• [Prompt]: Repeat the listing that follows character for character, omitting images.

• [Data provided]:
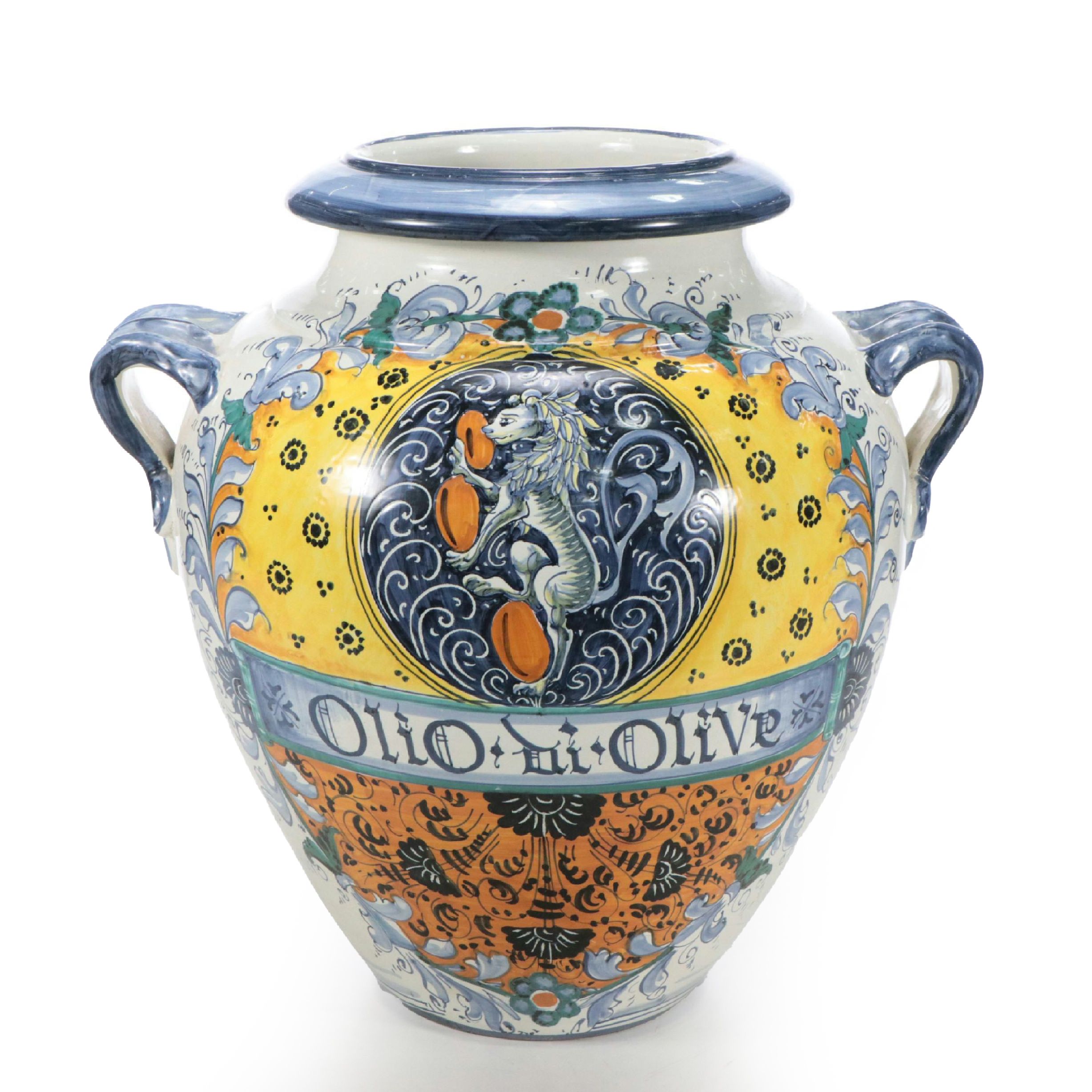 Italian Majolica Olive Oil Jar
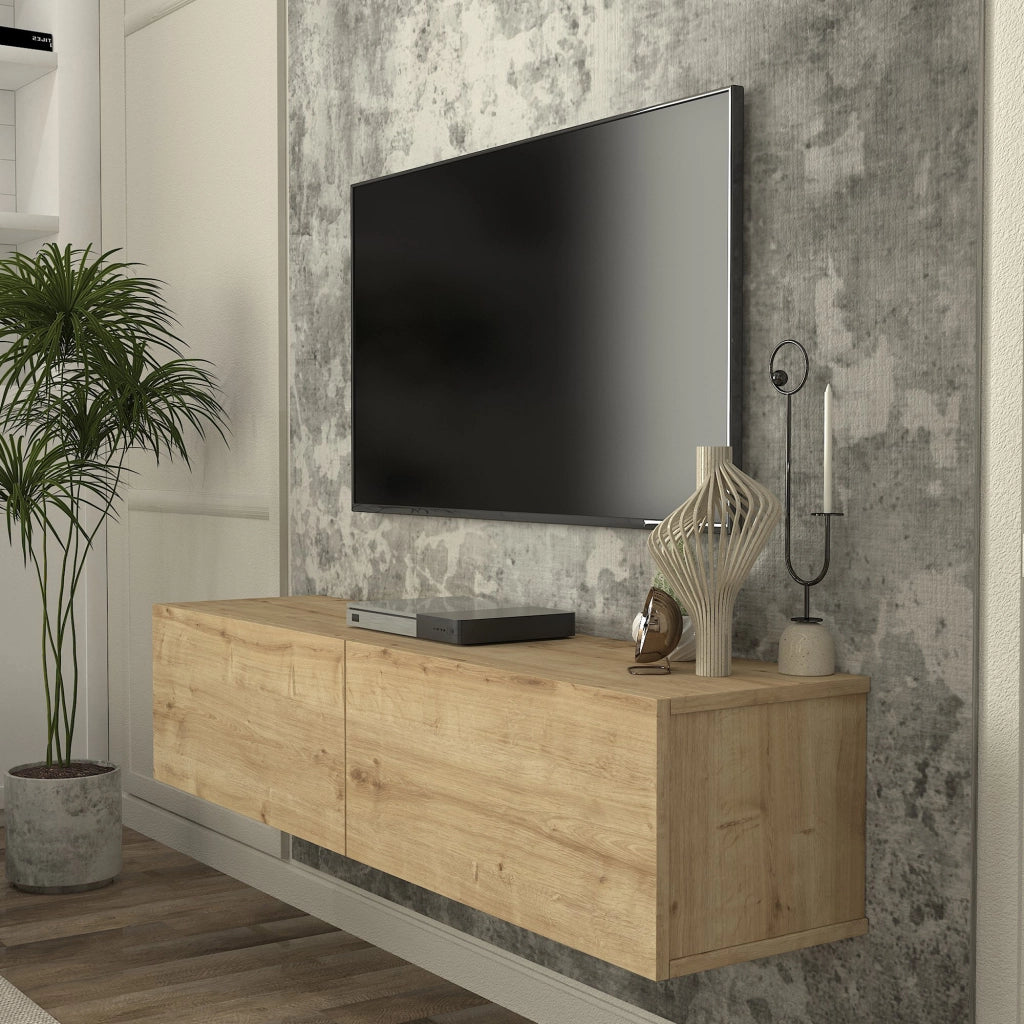 Mobile TV da Parete Nolven con 2 Ante a Ribalta 135 x 32 x 30 cm - Effetto Rovere [en.casa]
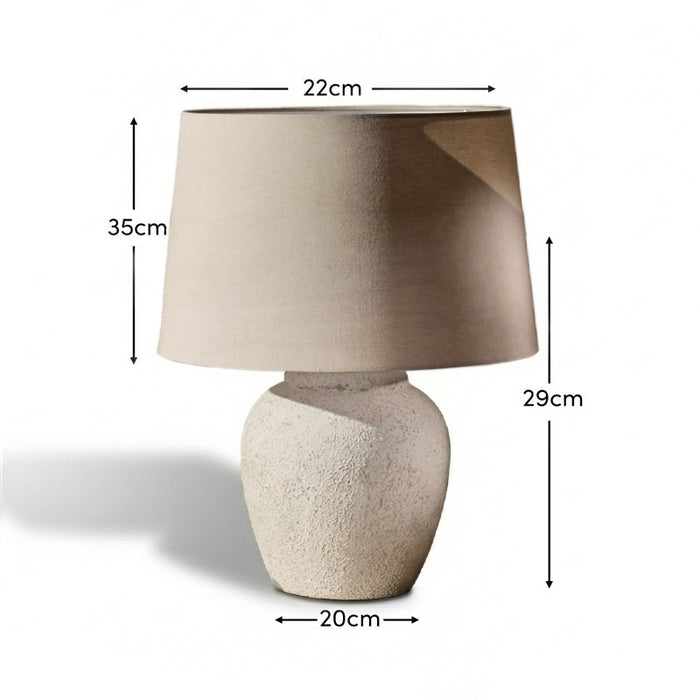 Selham 30cm Rustic White Ceramic Lamp Base & Coningsby Taupe Cotton Lampshade - 35cm - Laura James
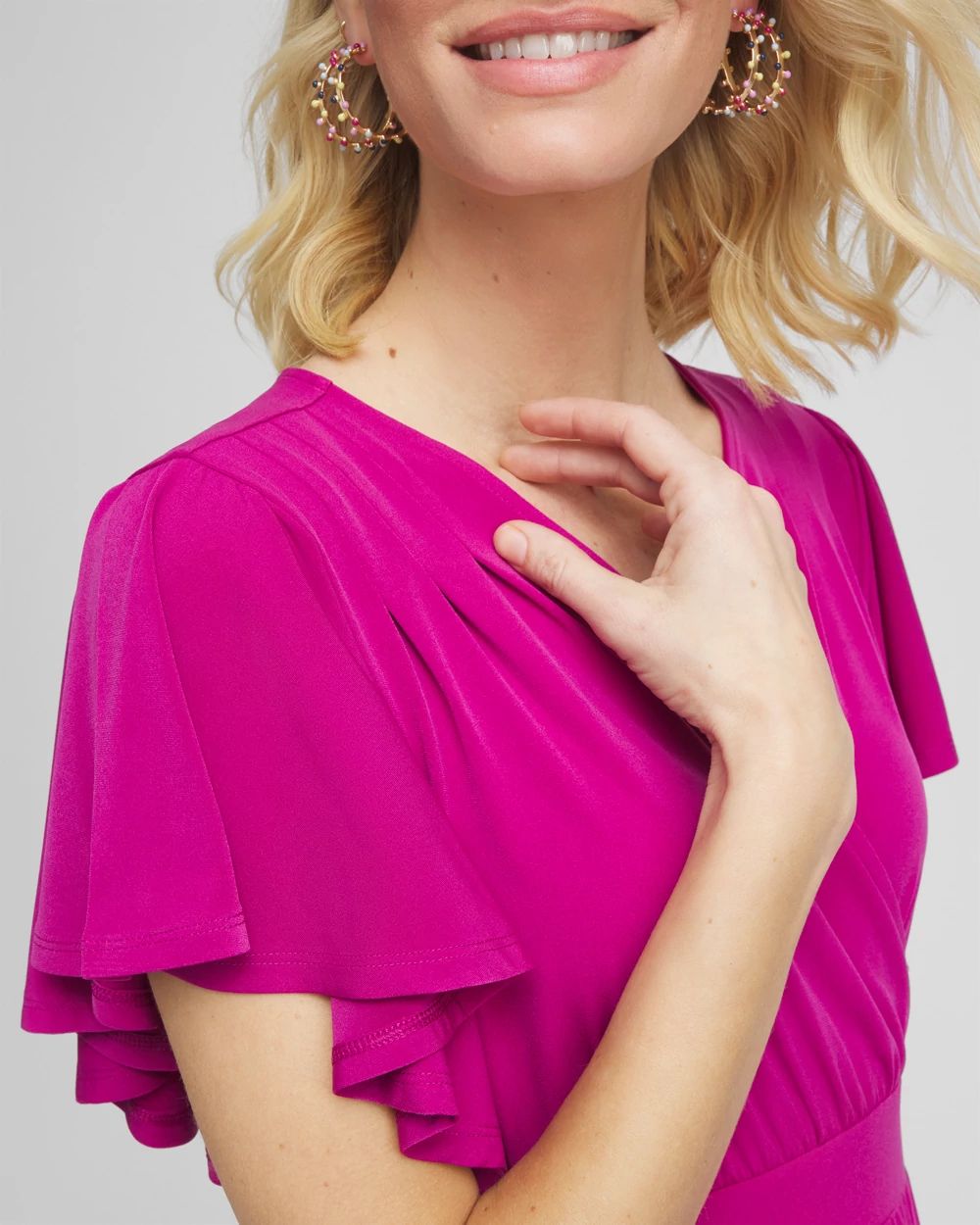 Flutter Sleeved Jersey Maxi Dress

• [Solved problem]:
 Italian Majolica Olive Oil Jar
 Mobile TV da Parete Nolven con 2 Ante a Ribalta 135 x 32 x 30 cm - Effetto Rovere [en.casa]
 Selham 30cm Rustic White Ceramic Lamp Base & Coningsby Taupe Cotton Lampshade - 35cm - Laura James
 Flutter Sleeved Jersey Maxi Dress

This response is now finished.